Neste mapa², Da Vinci explora a região com ricos detalhes que vão desde os cursos dos rios até a fascinante topologia do vale, representada pelos povoados e construções em seu ambiente natural. Segundo Fritjof Capra, “como servissem de material de apoio para estratégias militares ou projetos de engenharia hidráulica, os mapas de Leonardo tinham quase sempre de ser bastante exatos e minuciosos“.
Apesar da cartografia ser muito antiga (o registro histórico de mapas e rotas hoje são encontrados em placas de argila sumérias e em papiros egípcios), foi depois das navegações de 1500 que começaram a surgir os primeiros mapas mais aproximados da realidade, devido às observações dos exploradores europeus das novas terras.
Nesta época Da Vinci já ensaiava novas técnicas de projeção cartográfica e muitos dos seus estudos de geometria apresentam esboços numa tentativa de entender as projeções do globo terrestre, numa época em que a igreja católica ainda defendia a visão de uma terra plana. Este estudo³, em especial, apresenta representações de diferentes pesquisadores ao longo da história, desde a antiga Grécia, passando por contemporâneos de Da Vinci até estudos mais recentes, do século XX.

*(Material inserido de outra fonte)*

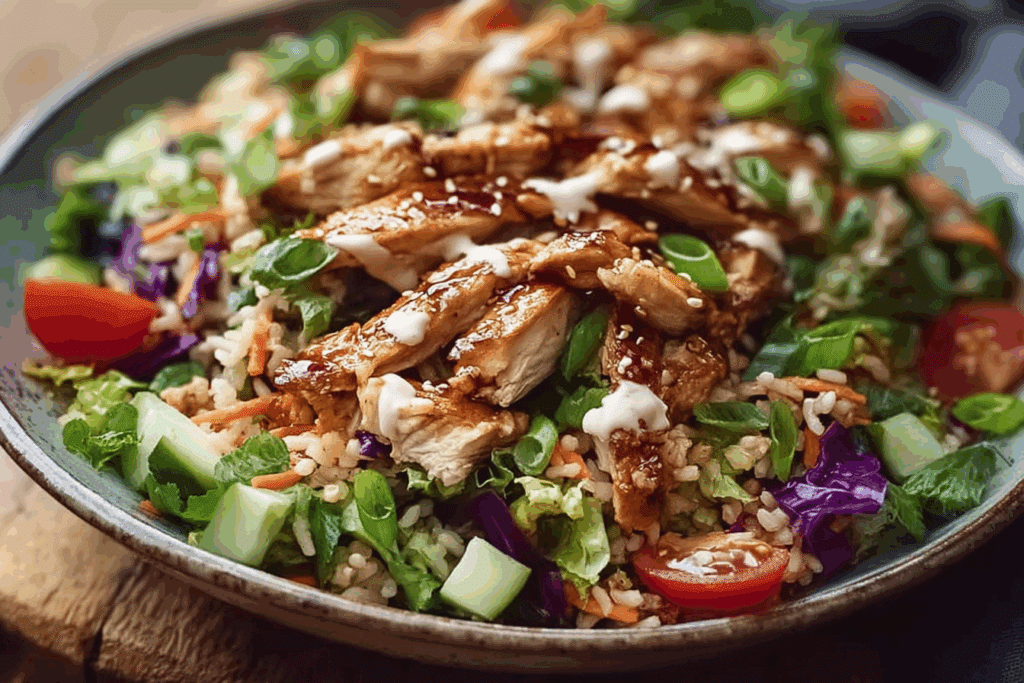 Teriyaki Chicken Crispy Rice Salad with Creamy Sesame Ginger Dressing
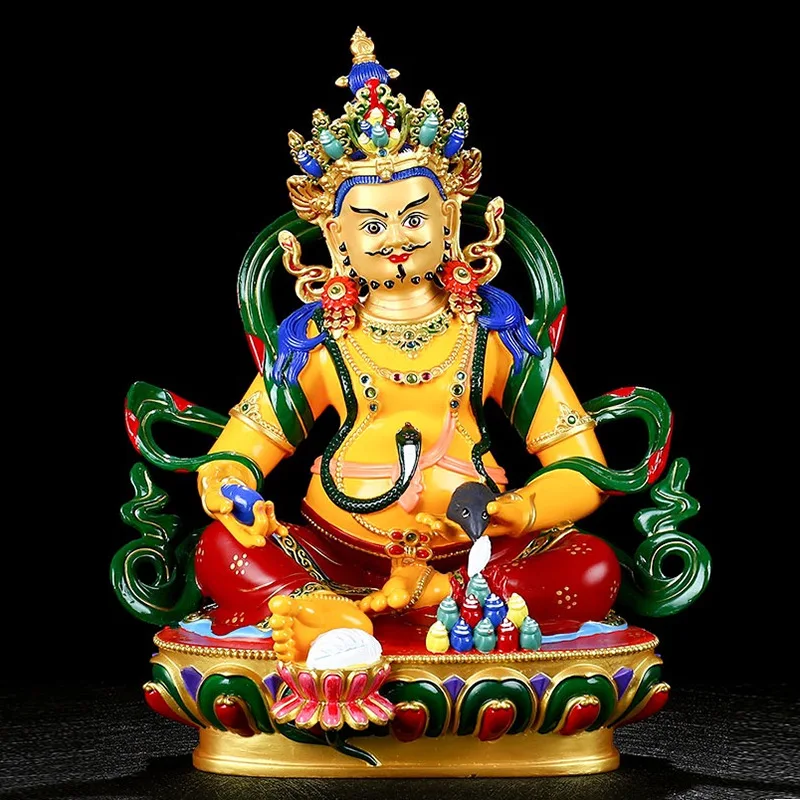 Tibetan ethnic copper God of Wealth Buddha statue, painted home decoration for worship, opening ceremony gift, yellow God of Wea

A partir de suas observações, Leonardo propôs uma nova forma de representar o globo terrestre, dividindo uma esfera em oito partes, o que consideraria a curvatura do globo na disposição dos continentes. A partir deste modelo (4), percursor para sua época, propôs o que seria um dos primeiros Mapa Mundi, apresentando de forma irregular, mas bastante aproximada, a posição de continentes, oceanos e da própria Antártida.
Este estudo atualmente pertence a Biblioteca Real do Castelo de Windsor, e nos mostra a capacidade notável de Da Vinci em preceder em pelo menos dois séculos, as técnicas e constatações cartográficas. Christopher W. Tyler, pesquisador da Cidade Universitária de Londres, realizou um estudo aprofundado sobre o Mapa Mundi de Da Vinci que pode ser acessado aqui.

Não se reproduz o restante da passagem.